Will your children thrill to the words of the master?

 

A Charles Dickens theme park opens in Kent soon, promising an authentic taste of the novelist's Victorian world. But is it wrong to "Disney-fy" the nation's greatest author?

 

The great American amusement park pioneer, George C Tilyou, once said: "What attracts the crowd is the wearied mind's demand for relief in unconsidered muscular action."

 

So it's inevitable that Dickens World conjures a degree of scepticism among those not ready for a theme-park tribute to one of the most popular novelists in the English language.

 

Housed in a modern, aluminium-clad hangar on the Chatham Maritime estate in Kent, its creators promise a flavour of "dark, smoky, moody London, full of smells and mist".

 

Workmen are hard at it, creating the rickety backstreets and miasmatic waterways of urban, Victorian England. The overall effect is rather like Disney painted brown and plunged into twilight.

 

Its recreation of the world of Dickens is decked out in hand-painted, brick-effect plaster fascia and promises to smell just as his world would. It doesn't yet. Solvent aromas fill the nostrils as the building work continues, ahead of the delayed opening at the end of May.

 

Dickens World is faithful to the London of the period in the same way that Disney's Cinderella Castle is faithful to gothic chateau architecture. Ish.

 

Visitors to the £62m, privately-funded attraction can sample the Great Expectations boat ride, themed around the escape of the convict Magwitch and featuring dyed-brown water.

 

Debtors' prisons

 

There's the Haunted House of Ebenezer Scrooge, Quilps Creek, Newgate Prison and the Britannia Music Hall, while children can sit in the Dotheboys Hall Victorian classroom and be shouted at by an angry beak.

 

And if you tire of the world of debtors' prisons and runaway prisoners, you can always pop next door to the Odeon multiplex.

 

Dickens spent part of his childhood in Chatham, while his father worked as a clerk in the Navy pay office at the dockyard. Nearby Rochester has always made hay of its Dickens connections. The man himself referred to his childhood stamping grounds as Dullborough.

 

"Most of us come from Dullborough who come from a country town," he wrote.

 

Chatham remains a microcosm of the world of the English provincial town. Lacking in purpose since the naval dockyards closed 20 years ago, it's turning to tourism as part of its efforts to avoid becoming yet another commuter dormitory town.

 

Dickens World was the dream of the now deceased Gerry O'Sullivan-Beare, a theme park designer who worked on Santa's World and the also-literary Andersen World, among others. Its backers hope to pull in 300,000 visitors a year.

 

Managing director Kevin Christie has a glint in his eye that only momentarily dims at suggestions that this experience is not 100% authentic Dickens.

 

"We think of the books as mostly about poverty and misery, but we tend to forget this was the great age of the Victorian supremacy - there were big things going on," he says.

 

'Ultimate showman'

 

"The Dickens Fellowship have been on board on a daily basis.

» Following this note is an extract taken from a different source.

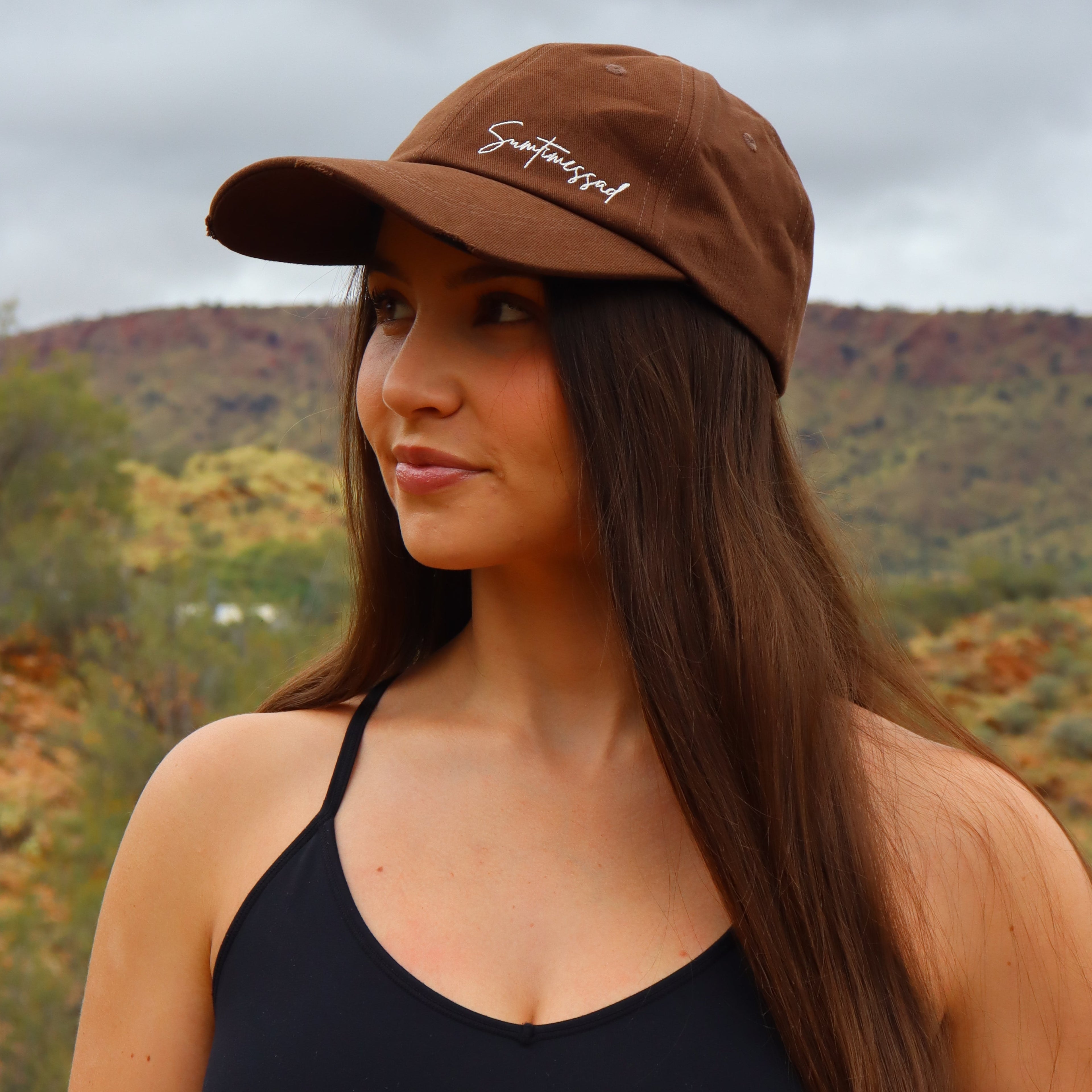 Distressed Cap - Dark Brown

Their passion for Dickens means Dickens World is going to have a focus of attention which pleases them.

 

"Everything we reproduce and say and do is faithful to some element of his life."

 

Those that fancy a drink in Dickens World can sup at the Six Jolly Fellowship Porters bar. Gruel will not feature.

 

Dickens described "a tavern of dropsical appearance... long settled down into a state of hale infirmity" with "corpulent windows in diminishing piles". Not quite a branch of Harvester then.

 

Christie has a weary, rehearsed tone in his voice when dealing with the allegation of Disney-fication of the Dickens legacy.

 

"He was the ultimate showman. He was the populist. He wrote in soap form for newspapers. When his own career hit the rocks he took his show on the road, travelled up and down the country, reading his books off the stage. The short answer is he would have loved it.

 

"Somebody once said if Shakespeare was alive today he would write plays, if Dickens was alive today he would have written for TV. Every episode ends on a cliffhanger. He was a great story writer, he has got great characters."

 

But to the aficionados, Dickens is more than just an author. The word Dickensian refers not just to the novels, but also operates as a multi-purpose description of social blight. There are Dickensian slums and Dickensian conditions in jails and sweatshops.

 

Former Dickens Fellowship joint secretary Thelma Grove has worked as a consultant on the theme park. She is adamant it is the right path to take for an author who is as relevant today as he was 150 years ago.

 

"A lot of the social concerns are still a problem for us today, with these young people going around shooting each other," she says.

 

Grove delights in the international appeal of Dickens, with more branches of the fellowship in the US than UK and a Tokyo branch going strong since 1970. But there is also a certain quintessential Englishness in the writing of the master.

 

Dickens campaigned for factory workers

"You cannot imagine Mr Pickwick coming from any other nation, bumbling with good intentions that don't work out. People tend to feel a sort of proprietorial interest in Dickens."

 

Race equality chief Trevor Phillips caused a minor furore in 2004 when he said immigrants should try Dickens if they hoped to integrate.

 

"What we should be talking about is how we reach an integrated society, one in which people are equal under the law, where there are common values of democracy rather than violence, the common currency of the English language, honouring the culture of these islands, like Shakespeare and Dickens," he said.

 

Dr Peter D McDonald, English literature tutor at St Hugh's college, Oxford, worries that with theme parks, banknote appearances and English iconhood, the real meaning of Dickens is being lost.

 

"They are moves that can obscure aspects of Dickens maybe people don't really want to see, to tame and domesticate him.

 

"People want Dickens to represent some idea of Englishness. It is making him too domestic and homely. The humour is deeply cruel and vicious. He is a massively powerful and disturbing figure."

 

But English or global, amiable or cruel, it's likely the legend of Dickens can endure a little Disney-fication.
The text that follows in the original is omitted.